NVIDIA Open-Sources SANA-WM: 60s 720p Video From One RTX 5090 With Hybrid Linear Attention

NVIDIA Labs released SANA-WM, a 2.6B-parameter world model¹ that turns a single image and a 6-DoF camera trajectory into 60 seconds of 720p video. The headline is not the resolution but the throughput: a distilled, quantized variant can denoise a full minute-long clip in 34 seconds on one RTX 5090², and the paper claims 36× the throughput of prior open baselines on a fraction of the hardware¹.

What SANA-WM Actually Does (and What It Doesn’t)

SANA-WM is not a text-to-video system. It is a world model: you feed it a starting image and a metric-scale 6-DoF camera trajectory, and it generates 961 latent frames representing 60 seconds of 720p video¹. The model was trained on 212,975 public video clips¹ with pose supervision over roughly 15 to 18.5 days on 64 H100 GPUs.

What it does not do is maintain an explicit 3D scene representation. The authors note that without structured scene memory, the model can drift in dynamic environments or when asked to hold a rare viewpoint for an extended duration. This is a known failure mode, not a footnote; it means SANA-WM excels at camera motion through mostly static scenes and struggles when the world itself moves unpredictably.

The Hybrid Linear Attention Trick: Why O(T²) Was the Enemy

The architectural bet is hybrid linear attention. Of the 20 transformer layers, 15 are Gated DeltaNet (GDN) blocks and five are periodic softmax attention blocks. GDN keeps its recurrent state at a fixed D×D matrix regardless of video length, which avoids the quadratic memory growth that normally chokes long-sequence transformers. The remaining softmax layers inject periodic global context so the model does not lose track of large-scale structure.

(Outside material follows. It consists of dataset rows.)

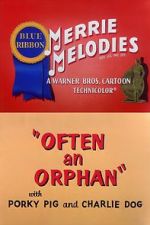 Watch Often an Orphan (Short 1949) 123moviesFree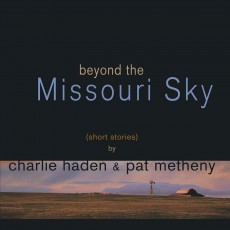 2LP / Haden Charlie & Metheny Pat / Beyond The Missouri Sky / Vinyl / 2L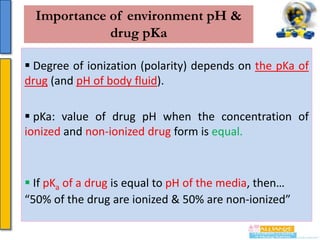 Importance of environment pH &
drug pKa
 Degree of ionization (polarity) depends on the pKa of
drug (and pH of body fluid).
 pKa: value of drug pH when the concentration of
ionized and non-ionized drug form is equal.

 If pKa of a drug is equal to pH of the media, then…
“50% of the drug are ionized & 50% are non-ionized”

 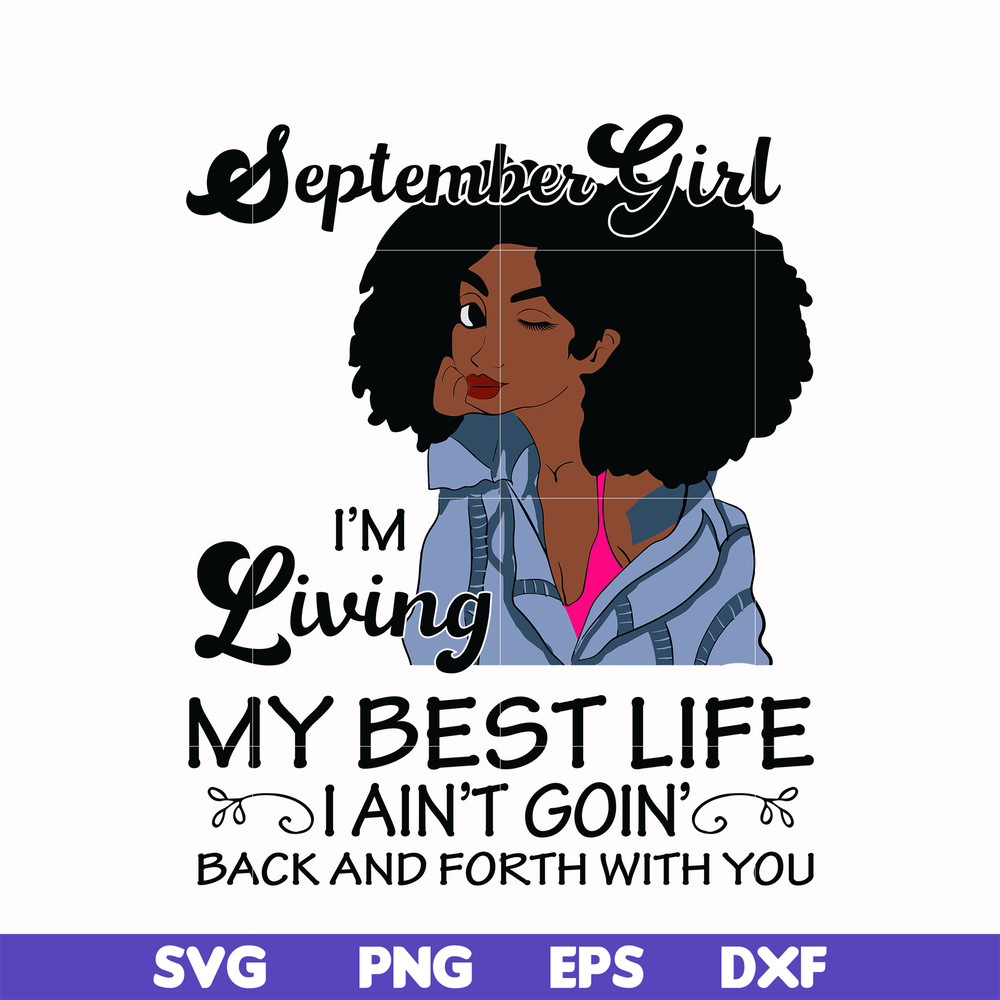 BD0092-September Girl Living My Best Life Birthday Gift, Black Girl, Black Women svg, png, dxf, eps digital file BD0092.jpg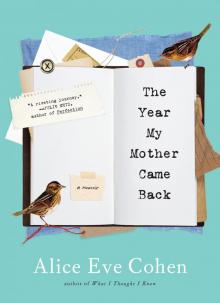 The Year My Mother Came Back The Year My Mother Came Back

This design choice is what collapses the hardware floor. Prior open world models needed multi-GPU clusters just to hold the attention maps for minute-scale video. By keeping memory usage flat in time, SANA-WM makes 60-second generation addressable on a single high-end GPU¹. The tradeoff is a more complex training setup and the risk of recurrent state degradation over long horizons, though the paper reports stable results up to the 60-second target¹.

Three Ways to Run It: From H100 Cluster to RTX 5090

The paper describes three inference configurations. Bidirectional generation requires approximately 49.2 GB of VRAM¹. Chunk-causal autoregressive generation needs slightly more, around 51.1 GB¹. Both of these are technically single-GPU modes, but only if that GPU is an H100 or similarly capacious datacenter card.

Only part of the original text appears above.